Steve Madden (SHOO) is a shoe retailer with impressive shareholder returns.  Its share price has compounded at roughly 20% a year since 1993.  Currently the company is trading at a reasonable P/E (19.3) and has cheap call options.  However, one of my rules is to avoid management teams with questionable integrity.  Steve Madden, the founder of the company, is definitely a very sketchy dude.

Steve Madden went to jail in 2002 for making millions in pump and dump schemes.  While in jail, he set himself up as Steve Madden’s creative consultant and continued to make several thousands of dollars a year.  In 2004, shareholders sued the company for overpaying Mr. Madden.  From the an old DEF 14A filing:

On or about November 28, 2001, a purported shareholder derivative complaint was filed in the United States District Court for the Eastern District of New York, captioned Herrera v. Karson, et al., 00 CV 7868. Named as defendants therein are the Company (as nominal defendant) and certain of the Company’s present and/or former directors. The complaint alleges that the individual defendants breached their fiduciary duties to the Company in connection with a decision by the Board of Directors of the Company to enter into an employment agreement with Mr. Steven Madden in or about May 2001 that, among other things, entitles Mr. Madden to receive an annual base salary of $700,000 during periods that Mr. Madden is not actively engaged in the duties of Creative and Design Chief (including during the period of his incarceration).

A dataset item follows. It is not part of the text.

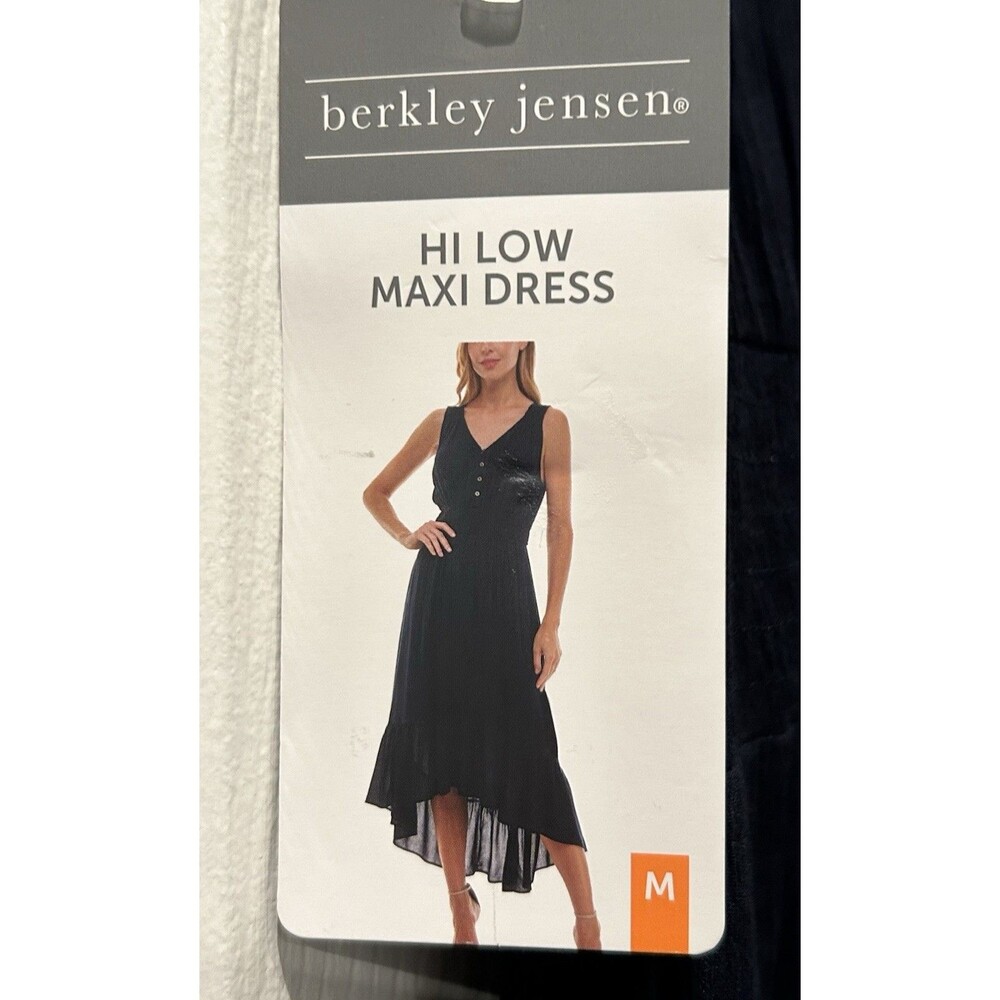 Berkley Jensen Navy Blue High Low Maxi Dress Size M New With Tag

This nonsense still continues today.  From the DEF 14A filing filed 2013:

Mr. Madden’s annual base salary was fixed at $5,416,667 in 2012, $7,416,667 in 2013, $9,666,667 in 2014, $11,916,667 in 2015 and $10,697,917 in 2016 and in each year thereafter through the end of the term of employment. In addition, the amended agreement entitles Mr. Madden to an annual life insurance premium reimbursement of up to $200,000. The amendment also eliminates an annual non-accountable expense allowance of $200,000 that had been previously provided to Mr. Madden under the agreement. Pursuant to the amended agreement, on February 8, 2012, Mr. Madden was granted 975,371 restricted shares of Common Stock, valued at approximately $40 million, under the 2006 Plan. The restricted Common Stock will vest in equal annual installments over seven years commencing on December 31, 2017 through December 31, 2023, subject to Mr. Madden’s continued employment with the Company on each such vesting date.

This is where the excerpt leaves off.